◆ Your objective ◆
Begin with the first line of the entries below and reproduce each line exactly, ending with the line that holds "Naklejka na ściany".
* * *
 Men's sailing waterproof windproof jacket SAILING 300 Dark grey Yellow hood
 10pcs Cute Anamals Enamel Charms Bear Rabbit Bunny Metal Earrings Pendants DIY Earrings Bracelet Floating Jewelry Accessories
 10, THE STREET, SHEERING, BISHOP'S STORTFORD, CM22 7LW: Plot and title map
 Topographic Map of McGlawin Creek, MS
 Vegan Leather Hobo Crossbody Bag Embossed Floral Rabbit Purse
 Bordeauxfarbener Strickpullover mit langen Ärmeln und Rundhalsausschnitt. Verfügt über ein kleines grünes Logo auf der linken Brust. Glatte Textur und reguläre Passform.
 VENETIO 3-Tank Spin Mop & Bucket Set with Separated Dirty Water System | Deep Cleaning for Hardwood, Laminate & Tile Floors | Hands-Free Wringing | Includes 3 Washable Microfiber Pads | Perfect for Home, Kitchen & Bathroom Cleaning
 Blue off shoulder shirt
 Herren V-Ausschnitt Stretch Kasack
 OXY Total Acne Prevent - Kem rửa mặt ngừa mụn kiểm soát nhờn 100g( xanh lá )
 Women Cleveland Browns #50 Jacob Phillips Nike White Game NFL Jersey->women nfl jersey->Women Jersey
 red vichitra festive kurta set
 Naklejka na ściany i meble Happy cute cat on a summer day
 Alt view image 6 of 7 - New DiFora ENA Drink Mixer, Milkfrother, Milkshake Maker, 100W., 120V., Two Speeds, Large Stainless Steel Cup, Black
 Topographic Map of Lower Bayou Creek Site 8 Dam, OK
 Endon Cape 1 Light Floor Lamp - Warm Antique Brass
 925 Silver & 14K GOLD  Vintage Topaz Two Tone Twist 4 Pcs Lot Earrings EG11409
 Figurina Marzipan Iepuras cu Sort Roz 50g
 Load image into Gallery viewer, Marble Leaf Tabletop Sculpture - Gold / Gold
* * *
◆ Solution ◆
 Men's sailing waterproof windproof jacket SAILING 300 Dark grey Yellow hood
 10pcs Cute Anamals Enamel Charms Bear Rabbit Bunny Metal Earrings Pendants DIY Earrings Bracelet Floating Jewelry Accessories
 10, THE STREET, SHEERING, BISHOP'S STORTFORD, CM22 7LW: Plot and title map
 Topographic Map of McGlawin Creek, MS
 Vegan Leather Hobo Crossbody Bag Embossed Floral Rabbit Purse
 Bordeauxfarbener Strickpullover mit langen Ärmeln und Rundhalsausschnitt. Verfügt über ein kleines grünes Logo auf der linken Brust. Glatte Textur und reguläre Passform.
 VENETIO 3-Tank Spin Mop & Bucket Set with Separated Dirty Water System | Deep Cleaning for Hardwood, Laminate & Tile Floors | Hands-Free Wringing | Includes 3 Washable Microfiber Pads | Perfect for Home, Kitchen & Bathroom Cleaning
 Blue off shoulder shirt
 Herren V-Ausschnitt Stretch Kasack
 OXY Total Acne Prevent - Kem rửa mặt ngừa mụn kiểm soát nhờn 100g( xanh lá )
 Women Cleveland Browns #50 Jacob Phillips Nike White Game NFL Jersey->women nfl jersey->Women Jersey
 red vichitra festive kurta set
 Naklejka na ściany i meble Happy cute cat on a summer day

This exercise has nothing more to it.